Core Idea of UrbanVerse: extract scene semantics and layout from real city-tour videos, then instantiate them into physically interactive simulation scenes using high-quality 3D assets—the "digital cousin" paradigm. This approach combines the diversity of real-world data with the interactivity of simulation.
Method¶
Overall Architecture¶
UrbanVerse consists of two main pillars: 1. UrbanVerse-100K: A 100K+ urban 3D asset library annotated with physical attributes. 2. UrbanVerse-Gen: An automated video-to-simulation pipeline.
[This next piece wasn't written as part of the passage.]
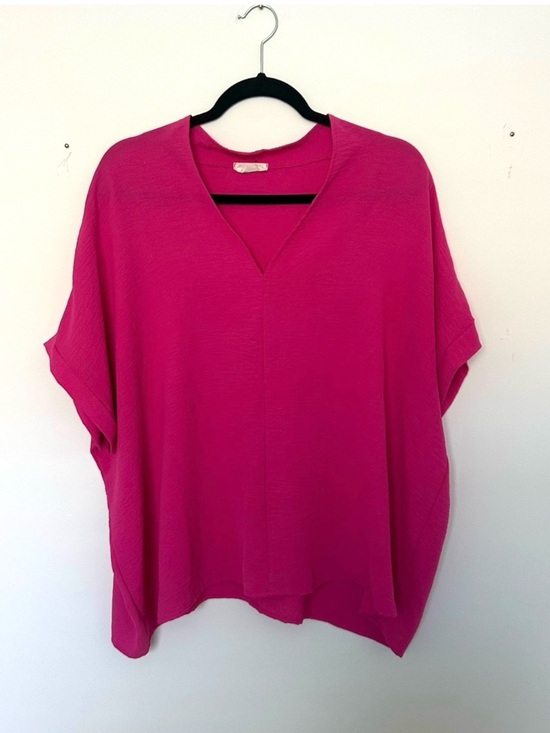 Urban Daizy Tops - Dolman V-Neck Tunic Top in Bright Pink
Input: YouTube city-tour videos → Output: physically interactive simulation scenes in IsaacSim.
Key Designs¶
-
UrbanVerse-100K Asset Library (Section 3.1): Starting from 800K noisy 3D assets in Objaverse, a three-stage semi-automated pipeline filters and annotates assets:
-
Asset Filtering: Ten annotators used a Three.js viewer over three weeks to label and filter assets, removing eight categories of quality issues (broken meshes, missing textures, planar geometry, abnormal scale, etc.), retaining 158K usable assets.
- Urban Ontology Construction: Building on OpenStreetMap tag structures and extending categories from ADE20K, Cityscapes, and related datasets, a three-level urban semantic ontology with 667 leaf categories is established.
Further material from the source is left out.